Chapter 6 - The Last Man on Earth V
Apsida stood on the steps in front of a large building and pulled her thick black coat closer towards her. The night sky was dark and foreboding, and the chilly winter air which periodically blew between the tall buildings of the university reminded her of the wind in Greenland, where she had been not two hours before.

     ‘Hey, Apsida.’
     ‘Yes, Cotyl?’
     ‘Why’d you insist so strongly on keeping that bone thing? It’s not like you to be so forward about something.’
     ‘Would you have preferred it if I gave it to her?’         
     ‘No, but I was expecting that I’d have to be the one to tell her she can’t have it, seeing as I’m the one who thinks those researchy types can’t be trusted with anything. I didn’t expect you to do it instead.’
     Apsida looked down at the trinket—a crude, dirty musk ox horn half-shaped into some unknown form with no comprehendible purpose.

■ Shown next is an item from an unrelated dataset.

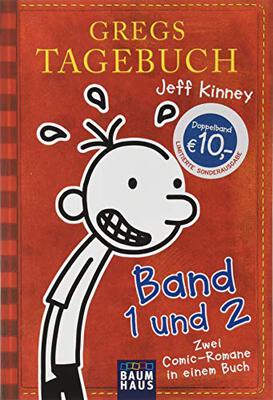 Alle Details zum Kinderbuch Gregs Tagebuch - Band 1 und 2: Doppelband (Greg Bundles) und ähnlichen Büchern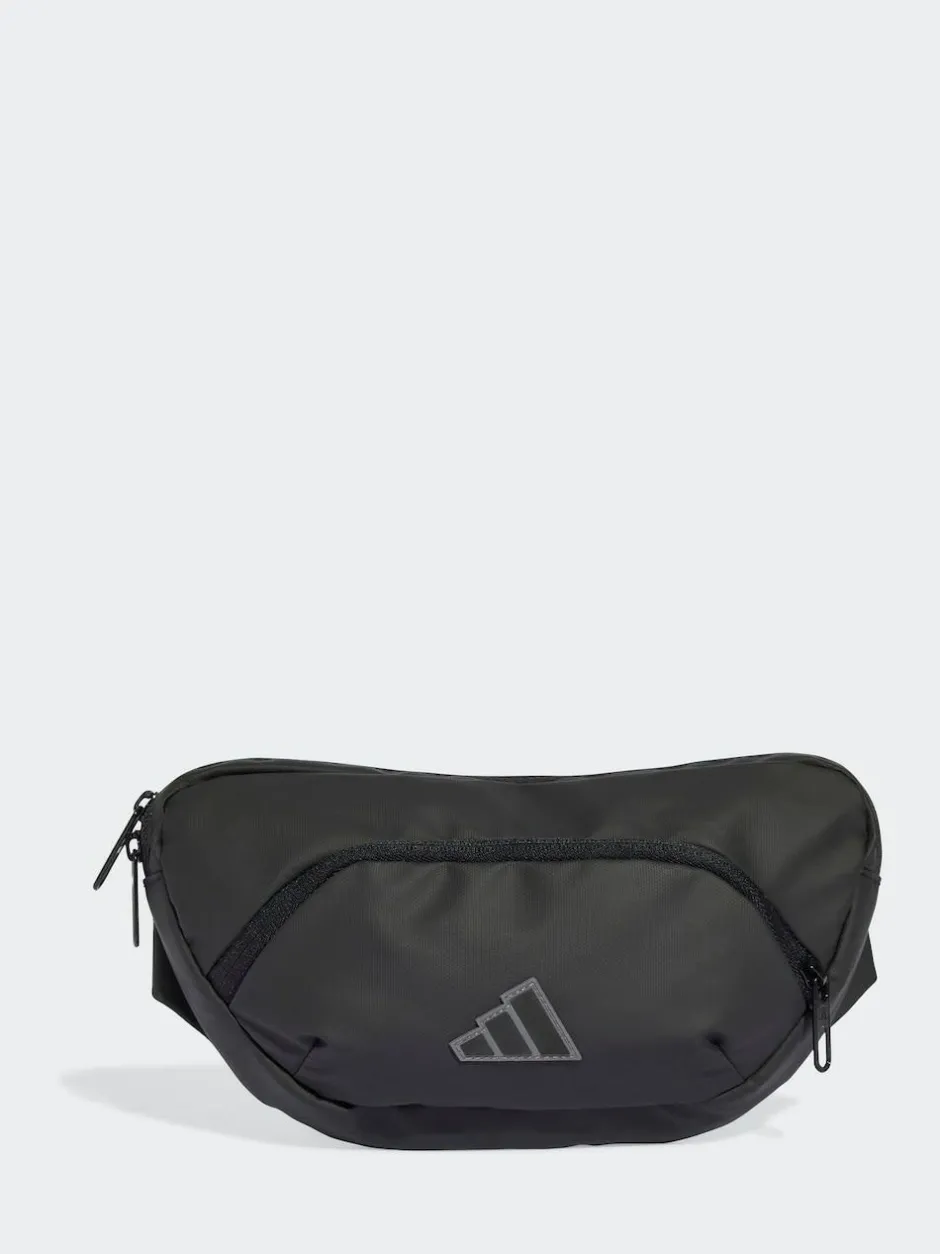 adidas Black Ultramodern Waist Bag Hot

     ‘I don’t know… But somehow I feel attracted to it, like it exhibits some kind of warmth.’
     ‘That’s cause that professor was holding it so much.’ Cotyl said sharply.
     ‘No, I don’t mean like that. I mean it feels like it’s something valuable, something that Thuluk cherished, or at least her cherished the meaning behind it, and I should cherish it too.’
     ‘You don’t even know what it is. What’s the point in you keeping it? For all you know it could be what he used to shave his armpit hair.’
     Apsida did not even flinch. ‘It could be something incredibly valuable to him, and he entrusted me with it.’
     ‘You don’t know that.’
     ‘I don’t. But I feel it.’
     Cotyl sighed, insomuch as a broom could sigh, ‘okay, whatever, if that’s what you want.’
     ‘I plan on putting it on the shelf right next to the bed in my room.’ Apsida smiled.
     ‘The same place you keep the only decent photo you have of your mother?’ Cotyl asked sarcastically (as the shelf was in fact littered with all kinds of knickknacks), ‘it must be REALLY important then!’
     ‘Maybe it is,’ Apsida replied, and placing the trinket into the inside pocket of her coat, she plunged into the iciness of the cold winter night.